Treatment for high-risk neuroblastoma using naxitamab and GM-CSF
A Pivotal Phase 2 Trial of Antibody Naxitamab (hu3F8) and Granulocyte-Macrophage Colony Stimulating Factor (GM-CSF) in High-Risk Neuroblastoma Patients With Primary Refractory Disease or Incomplete Response to Salvage Treatment in Bone and/or Bone Marrow
PHASE2 · Y-mAbs Therapeutics · NCT03363373
This study is testing a new treatment combining naxitamab and GM-CSF for children and adults with high-risk neuroblastoma who haven't responded well to previous therapies.
Quick facts
| Phase | PHASE2 |
|---|---|
| Study type | Interventional |
| Enrollment | 122 (estimated) |
| Ages | 1 Year and up |
| Sex | All |
| Sponsor | Y-mAbs Therapeutics (industry) |
| Drugs / interventions | chemotherapy, immunotherapy, naxitamab |
| Locations | 26 sites (Gainesville, Florida and 25 other locations) |
| Trial ID | NCT03363373 on ClinicalTrials.gov |
What this trial studies
This clinical trial aims to treat children and adults with high-risk neuroblastoma who have primary refractory disease or an incomplete response to previous salvage treatments. Participants will receive naxitamab, a humanized monoclonal antibody targeting GD2, along with granulocyte-macrophage colony-stimulating factor (GM-CSF) over a treatment period of up to 101 weeks. The treatment regimen includes multiple cycles of GM-CSF and naxitamab, with patients monitored for up to five years after their first dose to assess long-term outcomes.
Who should consider this trial
Good fit: Ideal candidates include children and adults diagnosed with high-risk neuroblastoma who have not responded adequately to previous treatments.
Not a fit: Patients with neuroblastoma that has spread outside of bone and bone marrow or those with major organ dysfunction may not benefit from this study.
Why it matters
Potential benefit: If successful, this treatment could improve survival rates and outcomes for patients with high-risk neuroblastoma.
How similar studies have performed: Other studies using similar monoclonal antibody approaches have shown promise, indicating potential for success in this trial.
Eligibility criteria
Show full inclusion / exclusion criteria
Inclusion Criteria: * Diagnosis of neuroblastoma as defined per International Neuroblastoma Response Criteria * High-risk neuroblastoma patients with either primary refractory disease or incomplete response to salvage treatment (in both cases including stable disease, minor response and partial response) evaluable in bone and/or bone marrow. * Life expectancy ≥ 6 months Exclusion Criteria: * Any systemic anti-cancer therapy, including chemotherapy or immunotherapy, within 3 weeks before 1st dose of GM-CSF * Evaluable neuroblastoma outside bone and bone marrow * Existing major organ dysfunction \> Grade 2, with the exception of hearing loss, hematological status, kidney and liver function * Active life-threatening infection
Where this trial is running
Gainesville, Florida and 25 other locations
- University of Florida — Gainesville, Florida, United States (WITHDRAWN)

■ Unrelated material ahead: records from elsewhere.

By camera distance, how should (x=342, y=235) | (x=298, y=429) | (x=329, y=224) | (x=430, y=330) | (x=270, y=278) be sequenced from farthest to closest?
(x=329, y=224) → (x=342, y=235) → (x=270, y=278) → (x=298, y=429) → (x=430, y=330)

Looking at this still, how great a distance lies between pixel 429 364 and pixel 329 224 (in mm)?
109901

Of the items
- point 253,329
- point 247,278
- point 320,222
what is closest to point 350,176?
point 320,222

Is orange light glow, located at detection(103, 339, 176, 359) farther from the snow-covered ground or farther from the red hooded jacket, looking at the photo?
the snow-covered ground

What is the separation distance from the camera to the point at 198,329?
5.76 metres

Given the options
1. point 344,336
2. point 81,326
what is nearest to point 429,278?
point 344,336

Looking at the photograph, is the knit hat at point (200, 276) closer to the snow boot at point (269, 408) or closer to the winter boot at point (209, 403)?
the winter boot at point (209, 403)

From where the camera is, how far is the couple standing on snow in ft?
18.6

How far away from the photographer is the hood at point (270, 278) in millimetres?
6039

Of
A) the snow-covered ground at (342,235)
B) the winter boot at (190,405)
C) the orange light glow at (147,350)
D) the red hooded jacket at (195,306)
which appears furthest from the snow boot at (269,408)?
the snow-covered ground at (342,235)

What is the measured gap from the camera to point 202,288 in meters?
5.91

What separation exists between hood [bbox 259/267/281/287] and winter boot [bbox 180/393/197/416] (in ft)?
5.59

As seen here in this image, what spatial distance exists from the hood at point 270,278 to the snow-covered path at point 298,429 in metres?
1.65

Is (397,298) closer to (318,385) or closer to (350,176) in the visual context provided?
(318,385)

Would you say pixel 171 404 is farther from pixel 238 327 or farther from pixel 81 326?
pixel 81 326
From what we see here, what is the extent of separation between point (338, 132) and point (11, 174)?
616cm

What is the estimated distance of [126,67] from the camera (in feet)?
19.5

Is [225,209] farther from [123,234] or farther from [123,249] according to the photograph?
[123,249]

- University of Chicago — Chicago, Illinois, United States (WITHDRAWN)
- Riley Hospital for Children — Indianapolis, Indiana, United States (ACTIVE_NOT_RECRUITING)

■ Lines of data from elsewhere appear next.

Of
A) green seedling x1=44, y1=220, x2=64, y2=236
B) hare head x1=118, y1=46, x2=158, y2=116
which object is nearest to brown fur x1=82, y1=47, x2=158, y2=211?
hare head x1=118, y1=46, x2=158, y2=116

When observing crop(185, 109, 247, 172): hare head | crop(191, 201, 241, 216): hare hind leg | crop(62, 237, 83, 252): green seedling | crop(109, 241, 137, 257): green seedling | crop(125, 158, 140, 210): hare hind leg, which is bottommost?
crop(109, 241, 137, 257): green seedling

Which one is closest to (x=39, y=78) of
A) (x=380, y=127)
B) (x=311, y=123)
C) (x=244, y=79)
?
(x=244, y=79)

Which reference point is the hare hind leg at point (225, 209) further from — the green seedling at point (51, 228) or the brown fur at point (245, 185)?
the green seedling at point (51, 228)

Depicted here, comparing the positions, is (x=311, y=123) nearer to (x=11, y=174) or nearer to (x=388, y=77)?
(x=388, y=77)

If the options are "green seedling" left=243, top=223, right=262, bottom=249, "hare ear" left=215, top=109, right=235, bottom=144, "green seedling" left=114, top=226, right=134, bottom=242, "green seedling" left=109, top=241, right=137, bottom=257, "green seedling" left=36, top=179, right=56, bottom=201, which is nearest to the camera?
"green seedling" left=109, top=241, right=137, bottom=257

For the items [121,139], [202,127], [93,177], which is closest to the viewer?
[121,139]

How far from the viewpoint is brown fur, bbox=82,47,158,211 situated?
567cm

- Memorial Sloan Kettering Cancer Center — New York, New York, United States (ACTIVE_NOT_RECRUITING)
- Nationwide Children's Hospital — Columbus, Ohio, United States (WITHDRAWN)

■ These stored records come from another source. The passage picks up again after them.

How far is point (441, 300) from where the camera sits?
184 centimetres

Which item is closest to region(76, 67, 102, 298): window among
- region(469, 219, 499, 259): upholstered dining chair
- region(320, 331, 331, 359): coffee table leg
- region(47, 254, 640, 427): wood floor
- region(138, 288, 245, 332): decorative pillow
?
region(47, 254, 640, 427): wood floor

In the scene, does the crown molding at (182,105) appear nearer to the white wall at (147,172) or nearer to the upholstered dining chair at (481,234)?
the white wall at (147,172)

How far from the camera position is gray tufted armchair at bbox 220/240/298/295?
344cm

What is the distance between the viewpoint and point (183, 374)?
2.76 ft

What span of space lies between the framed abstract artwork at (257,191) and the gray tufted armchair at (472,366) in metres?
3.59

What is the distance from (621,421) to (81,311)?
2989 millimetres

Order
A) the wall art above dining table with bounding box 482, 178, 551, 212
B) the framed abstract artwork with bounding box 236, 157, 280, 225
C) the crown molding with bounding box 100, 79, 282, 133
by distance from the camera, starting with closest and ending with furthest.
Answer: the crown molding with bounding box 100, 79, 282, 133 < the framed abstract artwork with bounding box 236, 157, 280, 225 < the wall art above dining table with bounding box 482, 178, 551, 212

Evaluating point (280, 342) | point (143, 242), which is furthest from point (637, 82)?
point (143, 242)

- M.D. Anderson Cancer Center — Houston, Texas, United States (WITHDRAWN)
- The Hospital for Sick Children — Toronto, Canada (RECRUITING)
- Rigshospitalet — Copenhagen, Denmark (RECRUITING)
- Hopital pour enfants de la Timone — Marseille, Marseille, France (WITHDRAWN)
- University Medical Center Hamburg-Eppendorf — Hamburg, Germany (RECRUITING)
- Johannes Gutenberg-Universität — Mainz, Germany (RECRUITING)
- University Hospital Regensburg — Regensburg, Germany (RECRUITING)
- Hong Kong Children's Hospital — Hong Kong, Hong Kong (RECRUITING)
- Queen Mary Hospital — Hong Kong, Hong Kong (ACTIVE_NOT_RECRUITING)
- Tata Memorial Centre — Mumbai, India (RECRUITING)
- Giannina Gaslini Hospital — Genoa, Genoa, Italy (RECRUITING)
- Fondazione IRCCS Istituto Nazionale dei Tumori — Milan, Milan, Italy (RECRUITING)
- Ospedale Pediatrico Bambino Gesù — Rome, Italy (RECRUITING)
- Hospital Sant Joan de Déu — Barcelona, Spain (RECRUITING)
- Hospital Infantil Universitario Niño Jesús — Madrid, Spain (RECRUITING)
- Hospital Universitario Virgen Del Rocío — Seville, Spain (RECRUITING)
- Hospital Universitario y Politécnico La Fe — Valencia, Spain (RECRUITING)
- The Royal Glasgow Children's Hospital — Glasgow, United Kingdom (RECRUITING)
- Leeds General Infirmary — Leeds, United Kingdom (RECRUITING)
- The Royal Marsden — London, United Kingdom (WITHDRAWN)
- University Hospital Southampton — Southampton, United Kingdom (RECRUITING)
Study contacts
- Study coordinator: Rhiannon Wright
- Email: clinicaltrials@ymabs.com
- Phone: +447969051167
How to participate
- Review the eligibility criteria above with your treating physician.
- Visit the official trial page on ClinicalTrials.gov for the most current contact information and recruitment status.
- Contact the listed study coordinator or principal investigator to request pre-screening. Pre-screening is free and never obligates you to enroll.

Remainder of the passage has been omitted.